# Wife's Friend



## par4 (Mar 8, 2012)

Hello my wife and i have been working on spicing up the relationship. One of her friends suggested we bring another person into the bedroomm. How would you feel about that? What is the best way to introduce this person? Would you rather the person be male or female?
_Posted via Mobile Device_


----------



## Hope1964 (Sep 26, 2011)

NO NO NO NO NO NO NO!!!!!!!!!!!!!!

DANGER!! RED ALERT!!

That will never happen in my marriage. 

What does your wife think about this idea?


----------



## I'mInLoveWithMyHubby (Nov 7, 2011)

No way no how. Open marriage is NEVER a good idea. Find a new toy, porn movie, role play or new position instead.


----------



## 2nd_t!me iz_best (Feb 28, 2011)

hope1964 said:


> no no no no no no no!!!!!!!!!!!!!!
> 
> danger!! Red alert!!
> 
> ...


this


----------



## par4 (Mar 8, 2012)

We both are not excited about the idea and it would be very doubtful to happen, Especially not another male. However are thinking of another female that i would not be allowed to touch.
_Posted via Mobile Device_


----------



## nice777guy (Nov 23, 2009)

What a wonderful, warm welcome!!! Lol!!!

From what has been posted here in the past - bringing another person around causes a lot more problems than it solves.

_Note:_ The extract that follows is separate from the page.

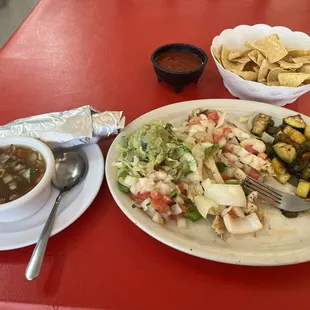 Selected charro beans and mixed vegetables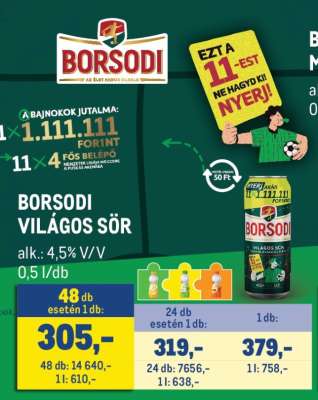 BORSODI Világos sör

Plenty of other ways to spice things up.


----------



## bandit.45 (Feb 8, 2012)

Yep its a bad idea. Go to an adult store and buy a bunch of toys and soft bondage items. That should do the trick.
_Posted via Mobile Device_


----------



## WeDoExist (Mar 6, 2012)

I just read a post by a woman on here that did this....and now her husband is no longer interested in anything sexual that doesn't include the 3rd party...


----------



## Hope1964 (Sep 26, 2011)

par4 said:


> another female that i would not be allowed to touch.
> _Posted via Mobile Device_


Uh huh. Like THAT's gonna happen 

It is a VERY rare marriage that can survive adding any third person.

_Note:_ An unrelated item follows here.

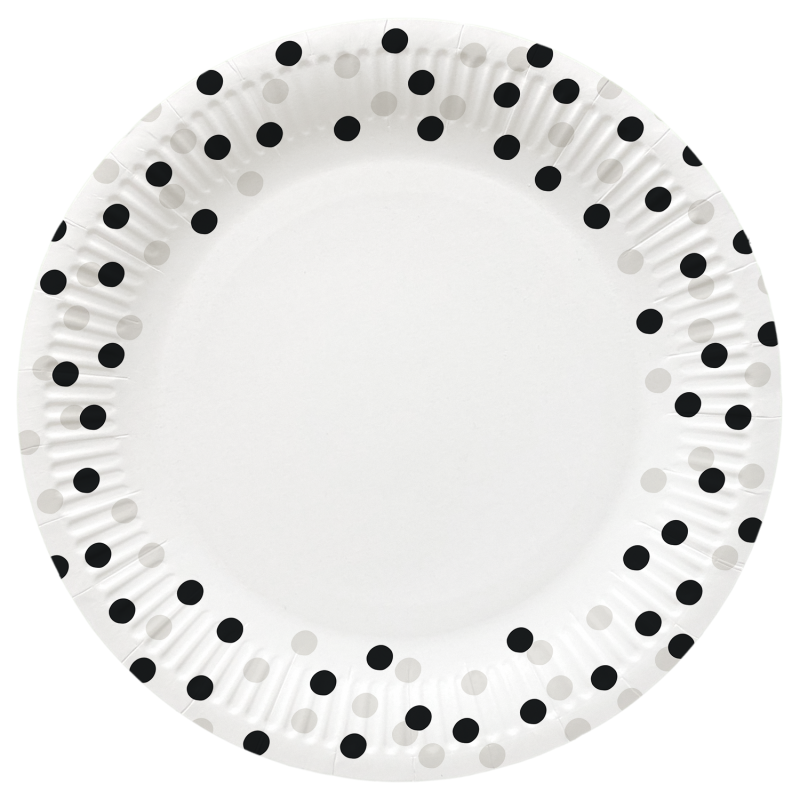 PAW - Papieren bordjes - 23 cm - Confetti Silver-Black PAW - Papieren bordjes - 23 cm - Confetti Silver-Black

Buy some books and toys. Read to each other. Make art together. Do it in every room. Experiment with blindfolds, food, rubber gloves, lotions and oils, positions, and anything else you can think of.

We discovered yesterday that organic unrefined coconut oil slightly heated in the microwave makes a fabulous massage oil and the smell is quite sexy


----------



## Broncos Fan (Mar 1, 2012)

It's a tough situation when this idea is brought up in a marriage. At least that's been my experience when my wife's brought it up. I think it's a bad idea and will probably lead to resentment, at least it did for me. Maybe your case is more mutual so who knows? But in our family my wife had said for years she'd never even think of a threesome, meaning I guess another woman. I'd never thought of it either, but when she hit 30 she suddenly became interested in bringing in another man. I thought I'd never put up with that, but before I ever had to say so, my wife shot the whole idea down after talking with a friend of hers who'd tried it and had all kinds of problems (I think that case was another woman). Anyway, I don't want to be a complete naysayer, but really think twice before bringing another person into your lives.


----------



## Havesomethingtosay (Nov 1, 2011)

par4 said:


> We both are not excited about the idea and it would be very doubtful to happen, Especially not another male. However are thinking of another female that i would not be allowed to touch.
> _Posted via Mobile Device_


Incredible that no has read what you said above. So what you are saying is your wife has lesbian feelings and wants to xplore with your okay in a threesome environment where the two would be pleasing "just her" and your wife the OW. 

You see as a male I know I can not compete with a female when it comes to the equipment and what another woman would want.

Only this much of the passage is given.